Genetic correlations were calculated between our meta-analysed LDH summary statistics and 437 other phenotypes extracted from the GWAS database provided by the MRC Integrative Epidemiology Unit (IEU) (https://gwas.mrcieu.ac.uk/). The LDSC software (version 1.0.1)17,53 was used for these calculations. We used a false discovery rate (FDR)-corrected p-value (pFDR) < 0.05 as the limit for significant correlations. HapMap3 European-only reference panel provided by Alkes Price’s group (https://alkesgroup.broadinstitute.org/LDSCORE/) were used in genetic correlations. For genetic correlations, we used our LDH summary statistics and the GWAS summary statistics that were similar to those that have been previously available in LDhub (https://ldsc.broadinstitute.org).

Mendelian randomization

For Mendelian randomization, we used the Two-Sample MR (https://github.com/MRCIEU/TwoSampleMR, version 0.5.8) R library to conduct a bi-directional Mendelian randomization to examine the causal relationships between LDH and its associated risk factors. Risk factors included in the analysis (Supplementary Table 11). Due to a bi-directional study approach, we were able to evaluate whether risk factors are causal for LDH and, consequently, if LDH is causal for risk factors. We obtained the LDH instruments from the FinnGen GWAS results since many of the GWAS data provided by the MRC-IEU are UKBB-based. This ensured that there was no overlap between the study populations. Variants correlated with each other were removed from the data so that only independent variants would be included in the analysis. For this, we used the default clumping settings (clumbing window 10 kb, r2 = 0.001). We run our primary analysis using the Inverse Variance Weighted (IVW) model. In the sensitivity analyses, we obtained MR Egger estimates.

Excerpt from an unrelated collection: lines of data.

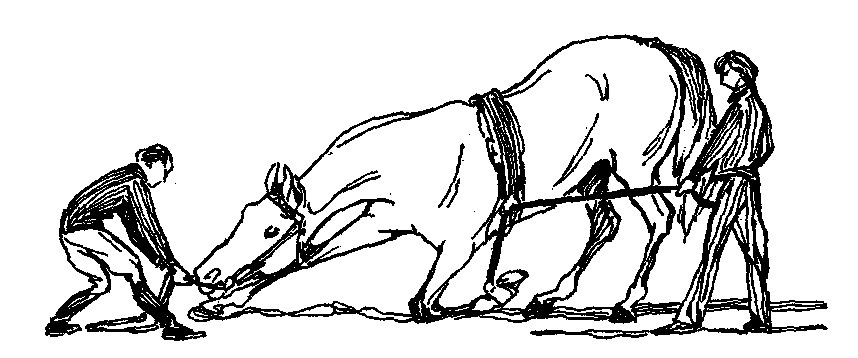 ���. 55. ��� ������ ������ ���������� �� ���� ��������, ��������, �������� �� �����, ����� ������ ������ ���� � ������ � ���������� �� �� ��������� ����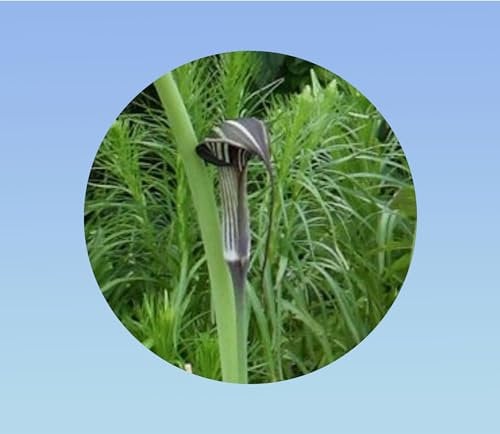 lot de 5 graines Ariseme chinois rare - Arisaema concinnum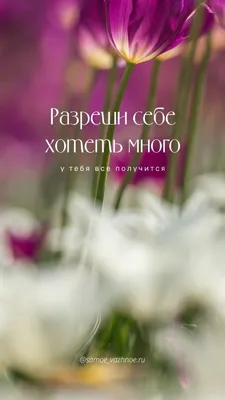 Пин от пользователя Malinka_bouquet на доске Психология в 2023 г |  Счастливые девушки цитаты, Цитаты, Цитаты о вдохновении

We also performed Cochran’s Q-test and the MR Egger intercept test to evaluate the heterogeneity and pleiotropy of the instruments. A leave-one-out analysis was also performed to see if there is a specific SNP driving a potentially observable causal relationship.

Reporting summary

Further information on research design is available in the Nature Portfolio Reporting Summary linked to this article.